お盆休みは、古いテニス動画を見ていた。
今年は7月こそ夜など比較的涼しかったが、8月になるとやはり猛暑の連発で(ホンマにオリンピックなんかやれるんやろか?)、こうなるとなにもする気が起きない。
なれば、連休も外に出るより家でじっとしてるのが吉であり、アイスティーを飲みながら、いにしえのテニスに漬かっていたのである。
というと、
「わかるなあ。昔に見た試合とか今見直すと、なつかしくて楽しいんだよね」
なんて声が聞こえてきそうだがそうではなく、私の場合もっと古いというか、自分が生まれる前にやっていた試合の動画などを楽しむのである。
木のラケットで、芝のコートとサーブ&ボレーが全盛で、バックハンドもほぼ片手打ちという時代。
今見ればスローモーであり、また優雅でもあるという、そんなころの試合。
たとえば、ロッド・レーバー対ケン・ローズウォール。1969フレンチ・オープン決勝とか(→こちら)
もうひとつは芝のコートで、ダンロップ・インターナショナルというシドニーの大会らしい。やはり、レーバーとローズウォール(→こちら)
シブいモノクロ映像で、スポーツや資料映像というよりも、なんだか古いヨーロッパ映画のような雰囲気で味がある。
ジャン=リュック・ゴダールやフランソワ・トリュフォーの映画のようと言ったら、言い過ぎだろうか。
ふーん、昔のローラン・ギャロスって、こんなんやったんやあ。
客席の様子とかもさることながら、今とくらべるとフェンスや柱に広告の類がまったくないのが目を引く。
そういや、グランドスラムって長くアマチュアの大会だったんだよなあと思いだしたりして、ちょっと調べてみたらローラン・ギャロスのオープン化が1968年。
なるほど、プロに開放されてまだ1年。商業化も進んでなかったわけか。
女子の試合もいい。定番のマルチナ・ナブラチロワとクリス・エバート、1978年ウィンブルドン決勝(→こちら)。
ロジャー・フェデラーと、ラファエル・ナダルにノバク・ジョコビッチ。
ピート・サンプラスとアンドレ・アガシのように、ライバル同士はプレースタイルが対照的だと、よりおもしろいもの。
古いついでに、もうひとつ女子のビンテージプレーということで、スザンヌ・ランラン(→こちら)。
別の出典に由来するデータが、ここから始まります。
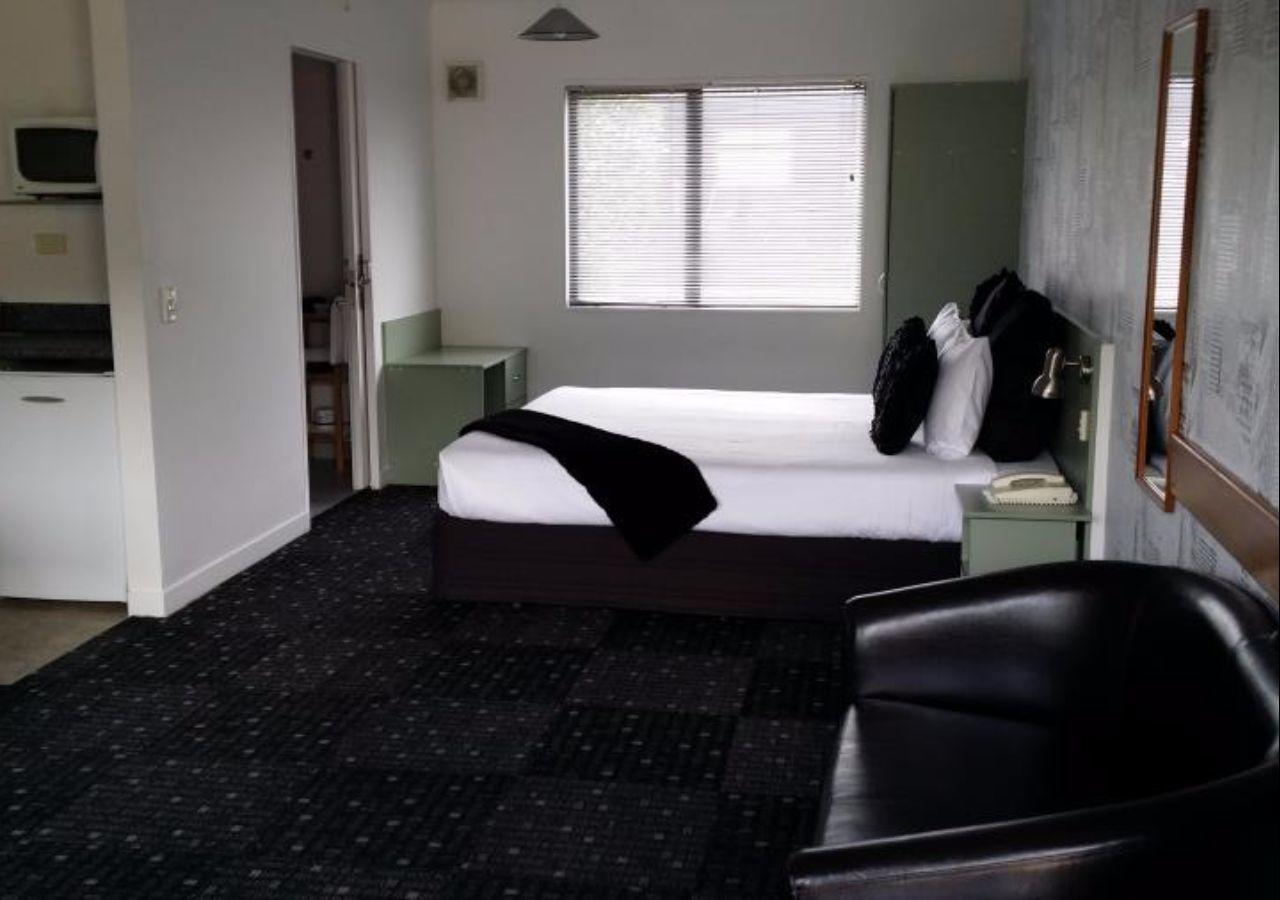 Asure Abode On Courtenay Motor Inn New Plymouth Bagian luar foto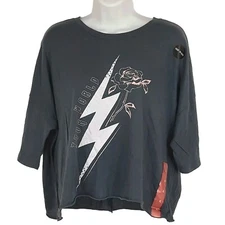 Grayson Threads Rock World Tour t-shirt womens short sleeve round neck cotton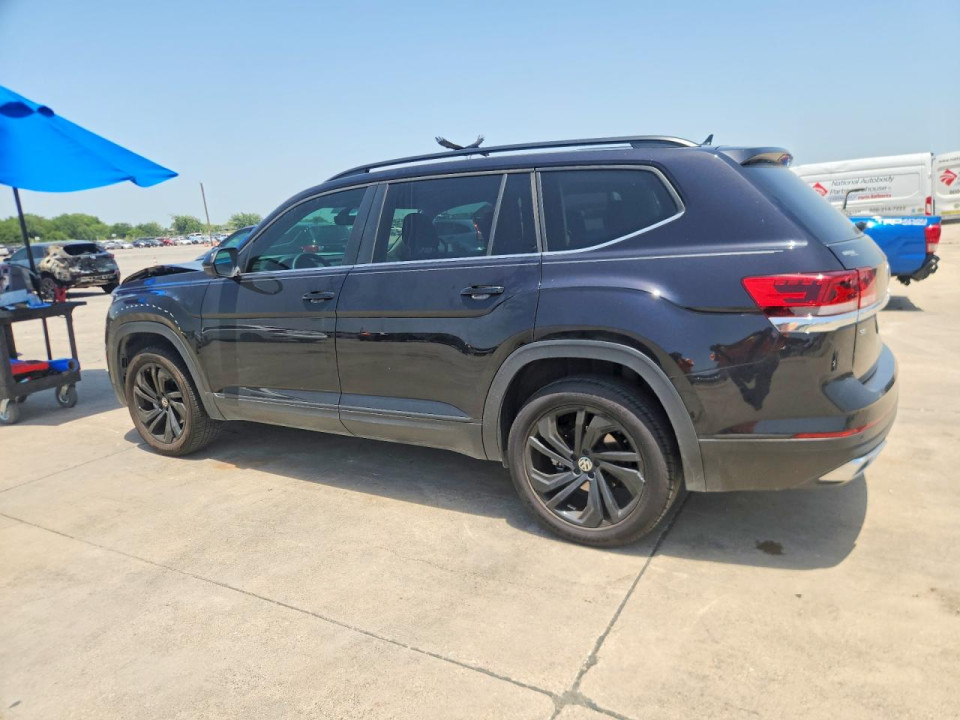 Volkswagen ATLAS 2022 — Copart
フレンチ・オープンの会場であるローラン・ギャロスにも「コート・スザンヌ・ランラン」としてその名を残す、すごい女性。
とにかく強く、プレーも物腰も洗練され、優雅だったという。
そのあたりのことは、ドイツ文学者である池内紀先生の「スザンヌの微笑」というエッセイ(知恵の森文庫『モーツァルトの息子』収録)にくわしいので、是非一読を。